Carbon emissions would be reduced. Massively reduced, after five years. The meat we eat would be halved because the market for meat would be halved, and after all, half the animals were snapped (we know this because the birds start singing again after they reverse the event of five years before, implying half the animals died). Way fewer farting cows. Power plants would be decommissioned. China would certainly not be building new ones. Fish stocks would be under far less pressure, as would fresh water supplies. We would no longer need so much of the surface of the Earth for agriculture (example: they’d probably stop burning down the Amazon to make way for soy crops). Environmentally, without question, it would be a positive.

You will be thinking about now: hey – he’s saying Thanos is right. I’m not saying that (mass murder is bad, m’kay). Rather, I’m saying that the movie didn’t address any of this. What I’m saying is: it’s actually very complicated.

The only potential complication raised by Endgame involved Iron Man having a family, and therefore finding a degree of happiness in those intervening years. But this was easily resolved by his insistence that they keep the five years in-between, that the past and the future, in a sense, merge. As we will see, this selfish insistence would almost certainly have been catastrophic.

But before we get there, let us first look at some of the stupidities depicted in the post-Thanos world. For example: at one point Captain America drives past an empty, overgrown baseball stadium. Why? Did all the baseball fans get wiped out, all the players? No. Only half of each, on average. Taking a cricket example, do we really thinking an ambitious Sheffield Shield player wouldn’t step up to the Australian team if one of the opening batsman were Thanos’d? Or that interest in the Ashes would be reduced? It’d be increased, if anything, given the important role sport has always played in times of national or global crisis (In fact, studies show that populations come together in these times: the World Wars, 9/11, natural disasters, and the like; these events strengthen social bonds and give survivors a sense of purpose).

Stupid. Stadiums would not be abandoned. Sport would go on; everything would go on. And yes, this includes garbage being collected. Only half the garbage collectors died, remember, so why are the streets strewn with litter? It’s a nonsense. Especially five years on, when the world has had time to recover and to remedy.

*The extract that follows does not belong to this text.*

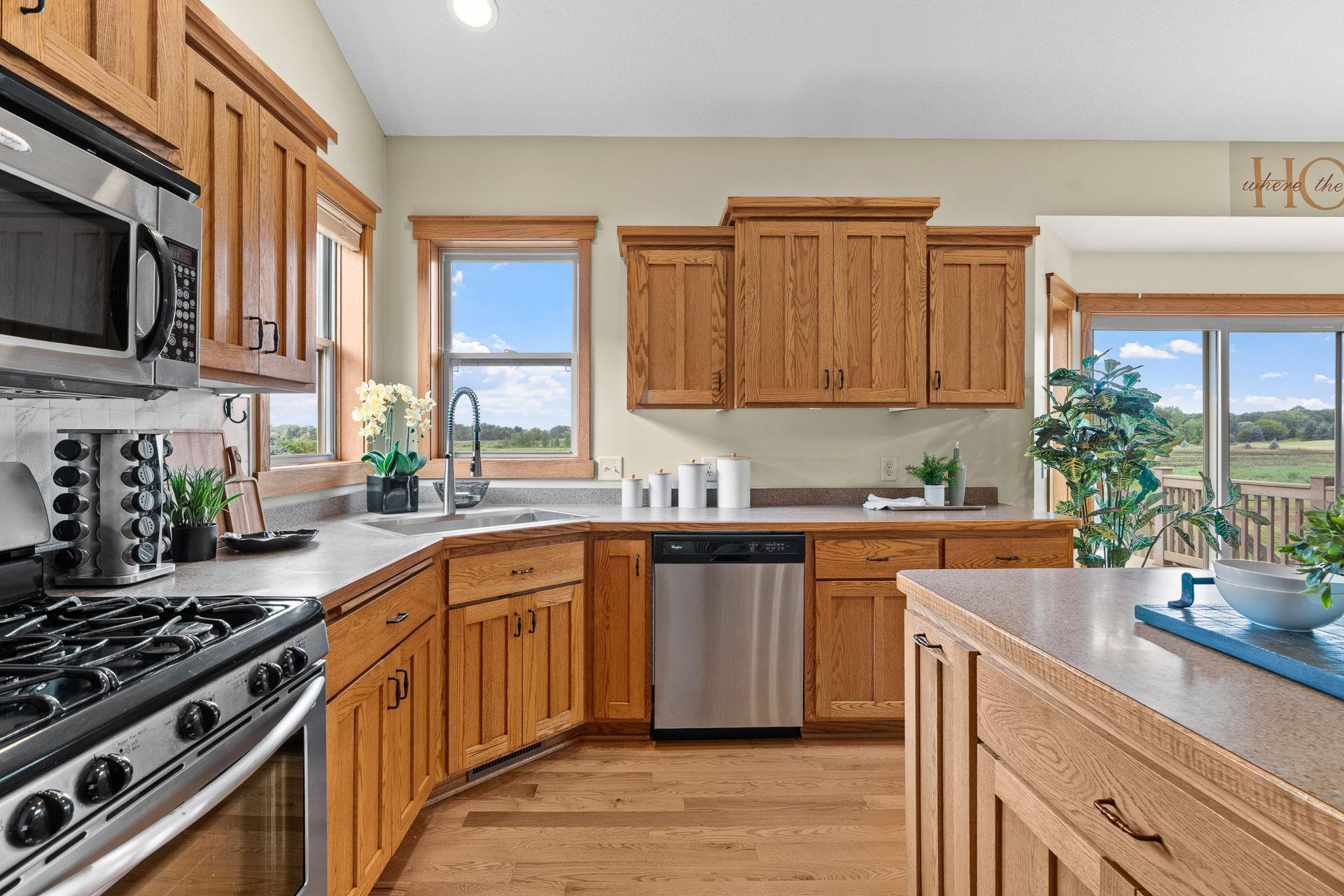 View of Residential at 2539 154th Lane, Andover MN 55304, Andover (15 of 46) - Mike Wilen | Minnesota Team Real Estate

There would be some infrastructure decay: yes. Housing needs would be halved, for example. Parts of a city would be abandoned, especially the outer suburbs: the long commute would no longer be necessary. It would no longer be necessary because homes closer to the city would be available and affordable. In general, housing prices would dramatically fall, and Millennials (and Gen Xers like me) might finally be able to buy their own homes.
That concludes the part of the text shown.